Iran talks tough terms for top Asian crude buyers

Iran talks tough terms for top Asian crude buyers

Iran is trying to sell its biggest Asian customers oil at higher prices and on tougher terms, even as it faces the prospect of fewer sales as Western nations mull sanctioning the economic lifeline of the world’s fifth largest crude exporter.

If Iran gets its way, fresh deals to Asia’s refiners would mean more oil revenues to cushion the impact of possible sanctions by the European Union and others to punish it for its nuclear program.
It’s no surprise Iran has taken a tough line on supply terms, as it pumps nearly 2.5 percent of global supply.

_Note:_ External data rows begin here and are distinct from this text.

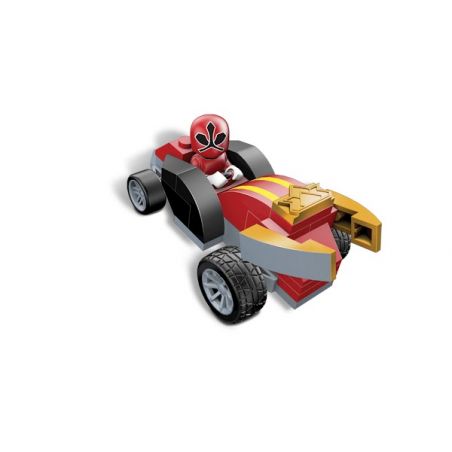 MEGA BLOKS 5776 non  XE ĐUA TÚI ĐỎ bộ đồ chơi xếp lắp ráp ghép mô hình Power Rangers Super Sentai RED POCKET RACER 5 Anh Em Siêu Nhân 28 khối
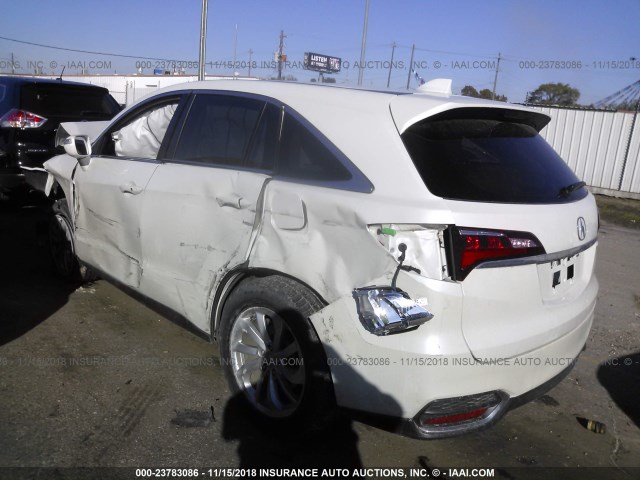 5J8TB3H37GL007982 - 2016 ACURA RDX WHITE photo 3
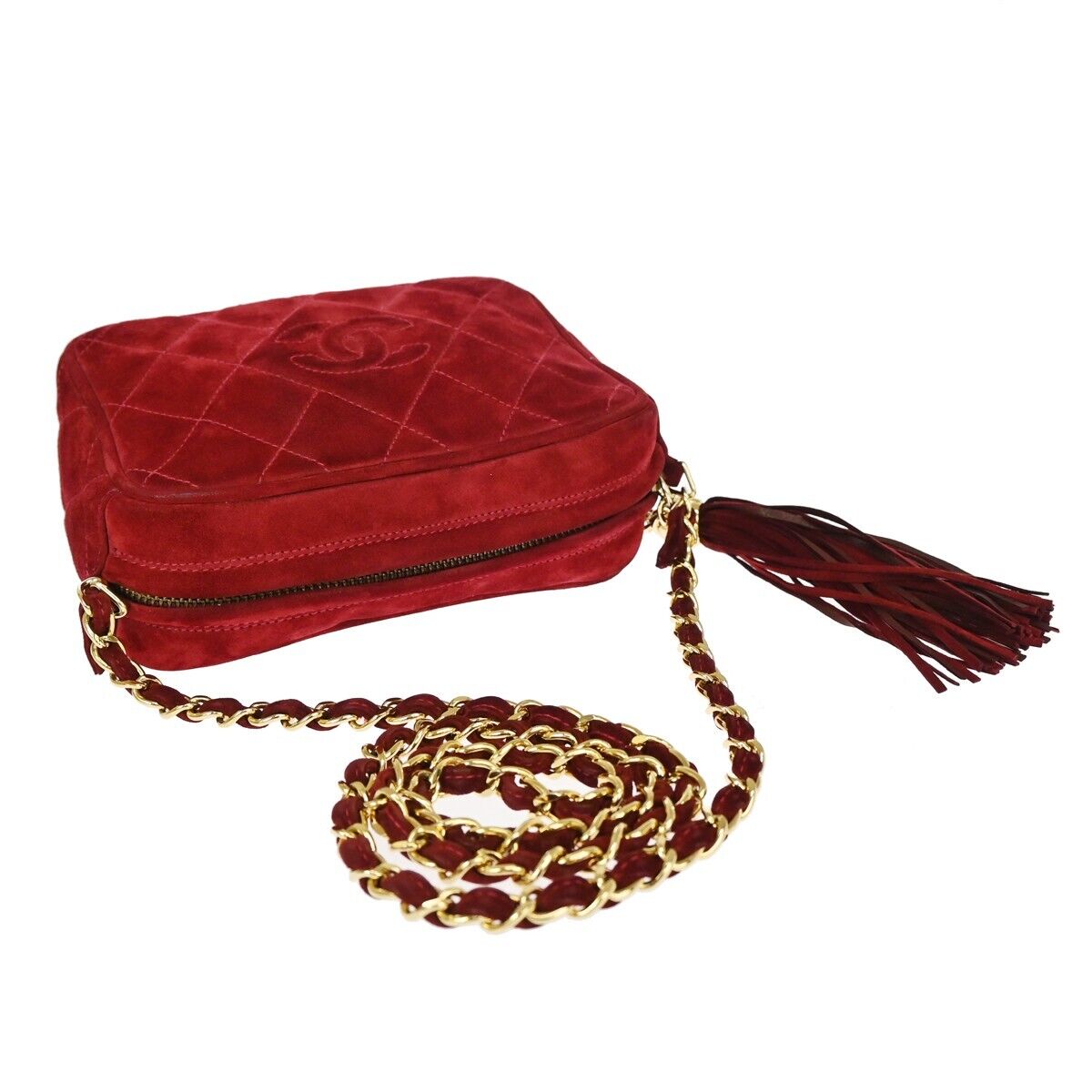 CHANEL CC Matelasse Tassel Mini Chain Shoulder Bag Suede Leather BX GHW 638FA087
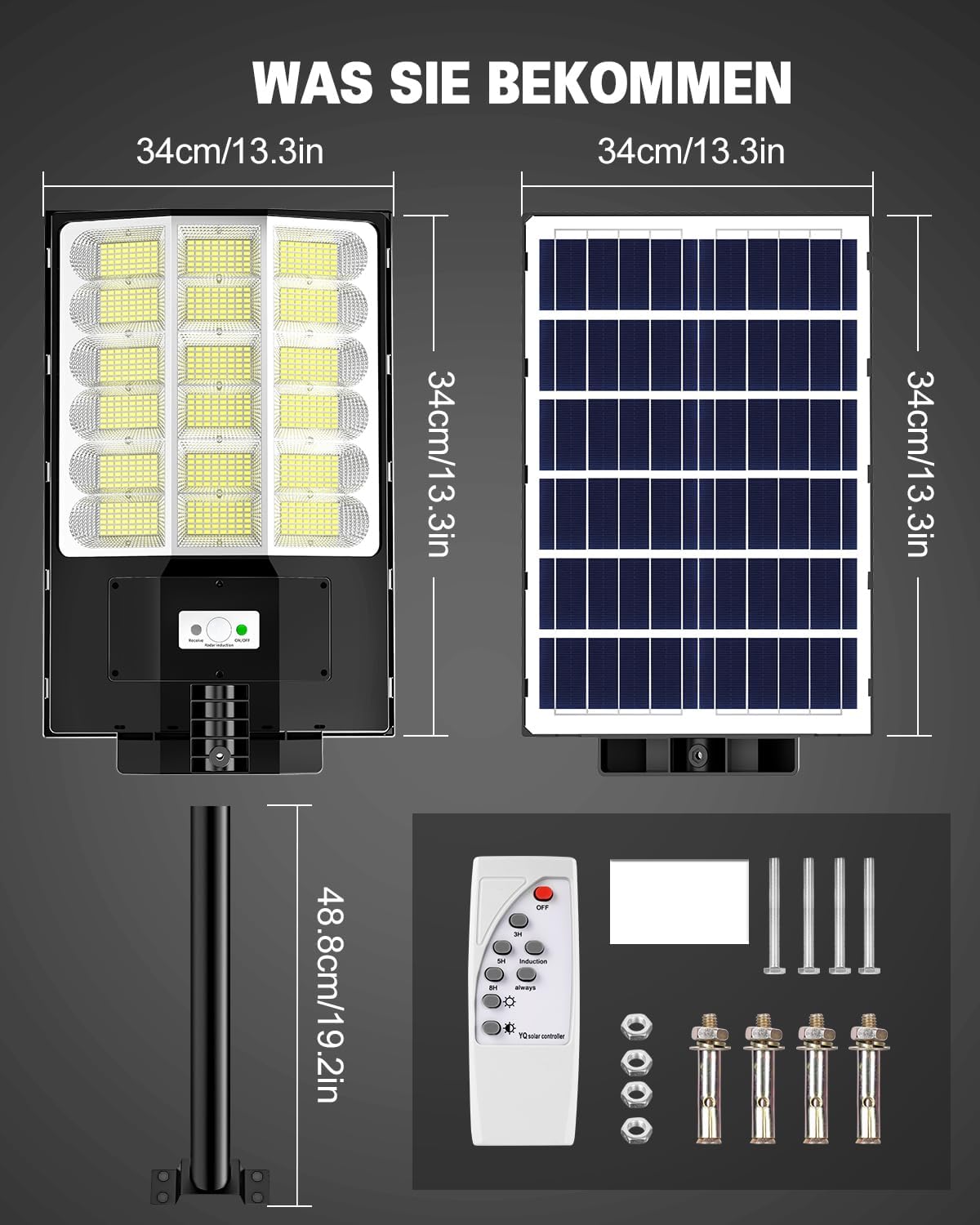 Sararoom Straßenlaternen Solar | 1000W LED Strahler Außen mit Bewegungsmelder Sensor | 864Led 6500K Wandleuchte mit Fernbedienung, IP65 Aussenleuchte Wegeleuchten für Garten Terrasse Garage Hof, 4st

Oil sales provide about half of its budget revenues.

China is Iran’s biggest oil buyer, taking over half a million barrels per day (bpd) and has the capacity to take more. Beijing is also Iran’s biggest trade partner and has worked to keep oil out of U.N. sanctions.
There is no sign, however, Iran is using oil to keep China sweet. After weeks of talks, frustrated Chinese negotiators who had hoped to take advantage of the international political pressure on Iran still have no 2012 supply deals.

Iran wants China’s state-run Sinopec, Asia’s largest refiner, and state oil trader Zhuhai Zhenrong Corp, to pay more, and faster, than in 2011, sources familiar with the talks said.

Iran believes its terms for 2011 were too generous, and now wants to reduce the credit grace period for both Chinese buyers to 60 or 30 days, the sources said.

Sinopec, however, wants to get the best deal out of Iran, given the “difficult situations” it now faces, a Chinese refinery source said. The Chinese buyers currently have 60 and 90 days to pay Iran for its oil.
Iran’s insistence on speedy payments was in part prompted by this year’s debacle in India, its second largest buyer.

Refiners bought billions of dollars worth of oil but were suddenly unable to pay for it legally after the central bank caved in to Western demands and stopped clearing payments.